Descriptive Statistics
	interoc	cwidth	clength	T.weight
median	0.798	2.975	3.706	1.740
mean	0.799	2.991	3.691	1.742
SE.mean	0.005	0.020	0.020	0.004
CI.mean.0.95	0.011	0.039	0.039	0.008
var	0.002	0.028	0.028	0.001
std.dev	0.046	0.166	0.167	0.033
coef.var	0.058	0.055	0.045	0.019

pairs.panels(
  morpho,
  main = "Wolf Spider Morphometrics - Correlation Summary",
  gap = 0, # set to zero for no gap between plot panels
  lm = TRUE, # draw linear regression lines for pairs
  stars = TRUE, # display significance
  bg = c("red", "blue")[morpho_complete$sex], # color based on sex 
  pch = 21) # data point shape

Covariance or Correlation?

PCA is a dimensionality reduction technique that allows us to see latent patterns in the data. To do this, the PCA is based heavily on concepts in linear algebra: eigenvalues and eigenvectors are at the heart of the PCA. First, we need to establish whether the metrics in our dataset are like or mixed. If the dataset contains the same units of measure across all of the variables – i.e. all variables are weights in grams – we standardize the data via mean-centering and employ a covariance matrix. However, if our data contains mixed units – like the morphometric data in this example – we mean-center the data, divide by the standard deviation, and employ a correlation matrix.
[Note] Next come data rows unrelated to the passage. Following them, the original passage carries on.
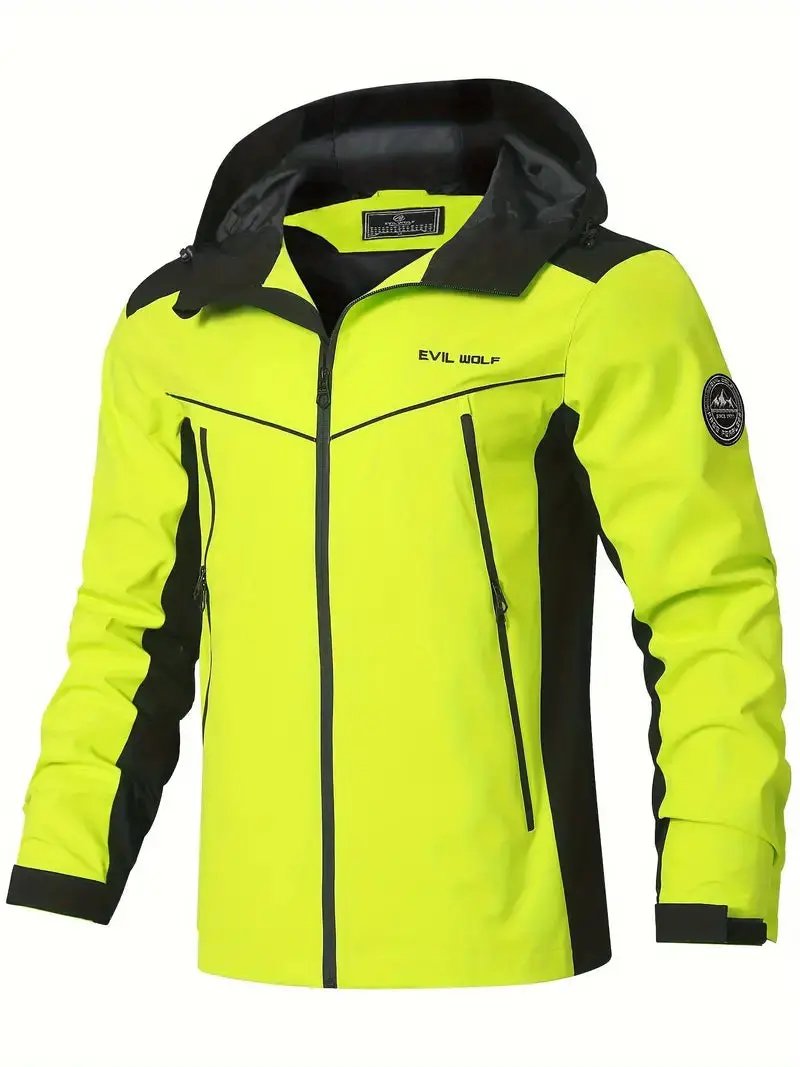 Liora - Waterproof Outdoor Jacket With Reflective Design For Hiking And Rainy Days 5
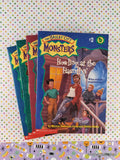Vintage 1990's Bailey City Monsters Little Apple Softcovers Set/5 #1 - #5, Like New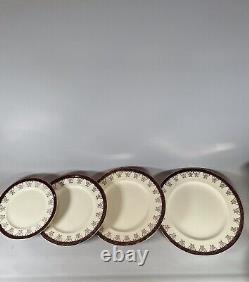 Alfred Meakin Vintage dinner plates Cups Saucer Tureen Soup Bowl Cream Gravy jug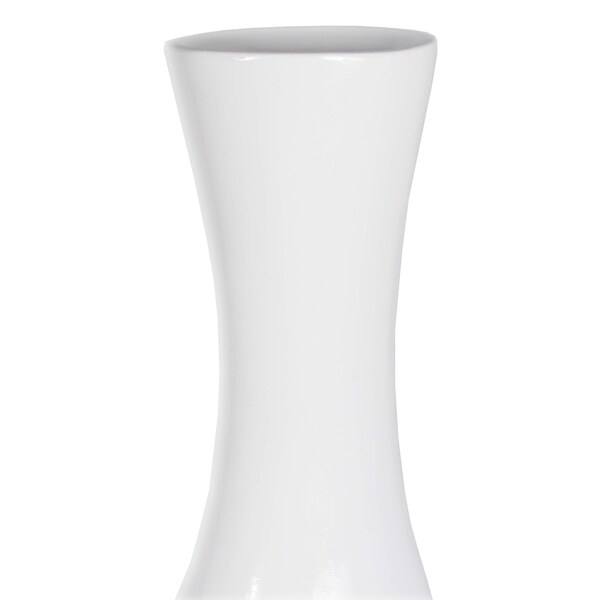 Uniquewise Set of 2 Modern Black and White Large Floor Vase - 43 Inch Tall, Contemporary Home Decor,  - QI003209L.2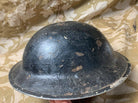 Original WW2 South African Army Mk2 Brodie Helmet - British Style Combat Helmet - The Militaria Shop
Which matrix you choose becomes essential when setting the parameters of the built-in PCA functions in R.

Our data has mixed metrics - weight (mg) and linear measures (mm).
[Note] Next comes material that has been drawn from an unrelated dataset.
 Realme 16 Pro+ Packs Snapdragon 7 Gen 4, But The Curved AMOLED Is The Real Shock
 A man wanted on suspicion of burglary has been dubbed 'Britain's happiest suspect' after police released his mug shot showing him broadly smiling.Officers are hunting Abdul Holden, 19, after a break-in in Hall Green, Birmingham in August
Standardize the Data: Mean-center and Divide by the Standard Deviation

standardize <- function(x) {(x - mean(x))/sd(x)}

# Eliminate factor variables & untransformed weights from the scaled data
my.scaled.data <- as.data.frame(apply(morpho, 2, standardize))
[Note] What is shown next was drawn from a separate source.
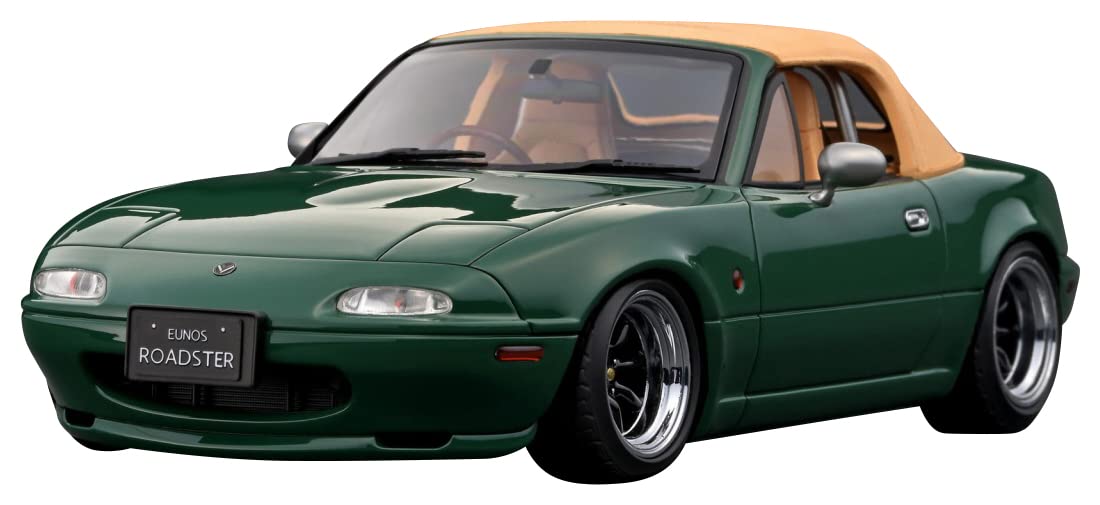 Amazon | ignition model 1/18 ユーノスロードスター (NA) Green 完成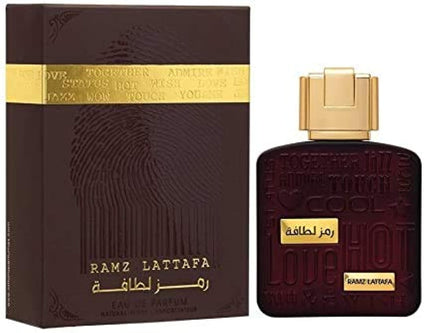 Lattafa RAMZ GOLD Eau De Parfume,100ml Eau de Parfum - 100 ml (For Men & Women)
ggplot(my.scaled.data, aes(interoc, cwidth)) +
  geom_point(size = 2) +
  geom_smooth(method = 'lm') +
  ggtitle("Plot of Interoccular Distance and Carapace Width") +
  theme(plot.title = element_text(hjust = 0.5)) # center plot title

Find the Eigenvalues & Eigenvectors

# Calculate correlation matrix
my.cor <- cor(my.scaled.data)

# Save the eigenvalues of the correllation matrix
my.eigen <- eigen(my.cor)

# Rename matrix rows and columns for easier interpretation
rownames(my.eigen$vectors) <- c("interoc", "cwidth", "clength", "T.weight")
colnames(my.eigen$vectors) <- c("PC1", "PC2", "PC3", "PC4")

Eigenvectors
	PC1	PC2	PC3	PC4
interoc	-0.4972563	-0.2503917	0.8251161	-0.0960398
cwidth	-0.5318709	-0.3465188	-0.4947682	-0.5935002
clength	-0.5759897	-0.0463106	-0.2715924	0.7696290
T.weight	-0.3715984	0.9028201	0.0250084	-0.2149537

Eigenvalues For PCs
PC	eigenvalues
PC1	2.7104296
PC2	0.7607956
PC3	0.4127988
PC4	0.1159759

Each column in the table above (left) is an eigenvector. Each eigenvector is a principal component (PC) with its eigenvalue. These eigenvalues are given in the right table above. The eigenvalues are used to identify which principal component(s) have the strongest correlation with the overall dataset: the higher the eigenvalue, the stronger its correlation. Each eigenvector is a normalized linear combination of the variables interoc, cwidth, clength, T.weight.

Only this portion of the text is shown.